089 Data analysis and data getting in the process of scientific investigationa

Between 1919 and 1928 an iterative sequence occurred that went through three main stages, each leading logically to the next via interaction of theory and practice. The analysis of existing records led to the analysis of experimental trials which then led to the design of experimental trials. There were different but interactive aspects to this development. We can see (i) sequential evolution of the new methods in response to unfolding realizations of need, (ii) the persuading of practitioners to try the new techniques, and (iii) the changing role of the statistician implied by the development.

3.12 Evolution of the New Methods

Fisher’s attempts to analyze experimental data quickly led him to the essential principles of experimental design. The need for randomization to achieve validity; for replication to provide a valid estimate of error; for blocking extraneous sources of disturbance to achieve accuracy. Blocking in two directions simultaneously (by randomized Latin squares) was particularly appealing. Fisher would have been brought to see the enormous advantages of the unorthodox factorial arrangements as an economical way to assess the effects of variables in combination by, for example, his early attempts to impart meaning to the differences associated with the 13 differently manured Broadbalk plots to which fertilizers had been applied in a highly nonbalanced manner. However, while the efficiency of factorial designs could be increased by packing in more factors, larger factorial designs required bigger blocks and hence produced greater inhomogeneity in the experimental material, giving larger experimental errors. The answer which quickly followed was confounding.

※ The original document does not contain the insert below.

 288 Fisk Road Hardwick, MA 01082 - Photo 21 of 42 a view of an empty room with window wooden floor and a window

3.13 Persuading Practitioners

The blessings of feedback were only available if scientists would try out his designs but, not surprisingly, Fisher at first did not have an easy job selling his revolutionary ideas at Rothamsted. Indeed, the first design run to his specification (in 1924) was not done at Rothamsted at all. It was a randomized Latin Square design run at Bagshot for the Forestry Commission who had asked for and acted on his advice. But between 1924 and 1929, as described in „Studies in Crop Variation IV and VI“ [5, 6], there is a rapid development of ideas which were quickly put into practice. It is clear that Eden had become a convinced disciple during this period and it is refreshing, but alas unfamiliar, to see publication of new designs simultaneous with data obtained from their successful use. By the end of this period data were being collected from designs of great accuracy and beauty which included all of Fisher’s ideas. In spite of all this in 1926 the Director of Rothamsted, Sir John Russell, wrote a paper [16] in the Journal of the Ministry of Agriculture about agricultural experimentation which almost totally ignored the ideas of his protegé. However, in the next issue [9] in a paper notable for its brevity and clarity, Fisher outlined his philosophy on the subject, setting his boss to rights and anyone else who would listen.

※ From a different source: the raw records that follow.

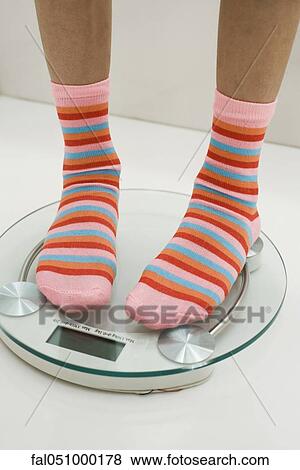 Girl weighing self on bathroom scale, cropped View Large Photo Image Stock Photo - Girl weighing self on bathroom scale, cropped. Fotosearch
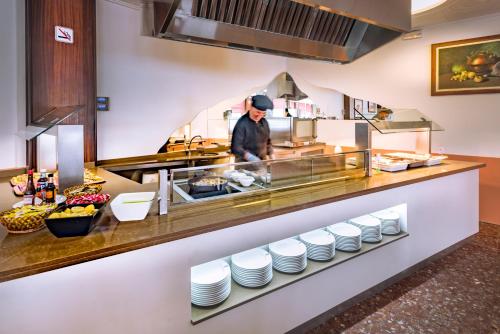 a chef preparing food in a restaurant kitchen at GHT Balmes, Hotel-Aparthotel&SPLASH in Calella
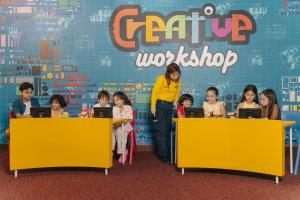 a woman standing in front of a group of children using computers at LEGOLAND Hotel Dubai in Dubai
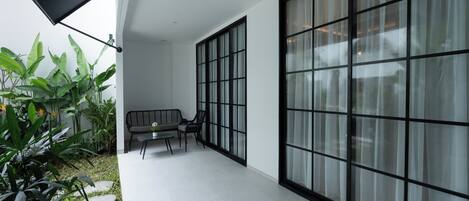 A modern interior with a seating area, large windows, and indoor plants.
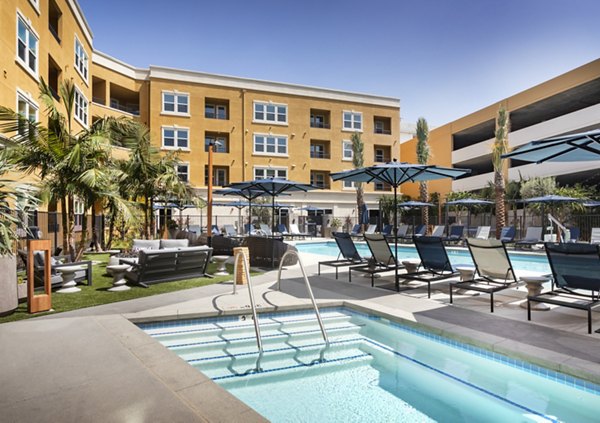Relaxing outdoor pool area at Lex CTR City Apartments, featuring lounging areas and modern design for luxury living in the heart of the city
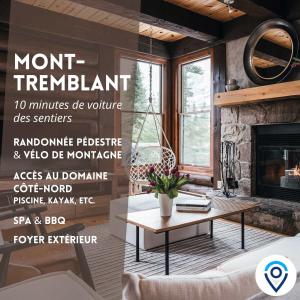 a living room with a table and a fireplace at Family escape w private hot tub in Lac-Superieur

3.14 A New Heritage for Statisticians

The original concept that the research station needed a statistician was revolutionary, but certainly the role initially envisaged in 1919 for the statistician was a passive and possibly even a temporary one. Russell wondered if anything more could be extracted from the existing records. Fisher’s work gradually made clear that the statistician’s job did not begin when all the work was over — it began long before it was started. The statistician was not a curator of dusty relics. His responsibility to the scientific team was that of the architect with the crucial job of ensuring that the investigational structure of a brand new experiment was sound and economical. The latter role is much more fun than the former. He himself relished it and we should thank him for bequeathing it to us. It calls for abilities of a high order. It requires among other things the wit to comprehend complicated scientific problems, the patience to listen, the penetration to ask the right questions, and the wisdom to see what is, and what is not, important. Finally, it requires from the statistitian the courage to wager his reputation each time an experiment is run. For the time must come when all the data are in and conclusions must be drawn; at this stage oversights in the design, if they exist, will become embarrassingly evident.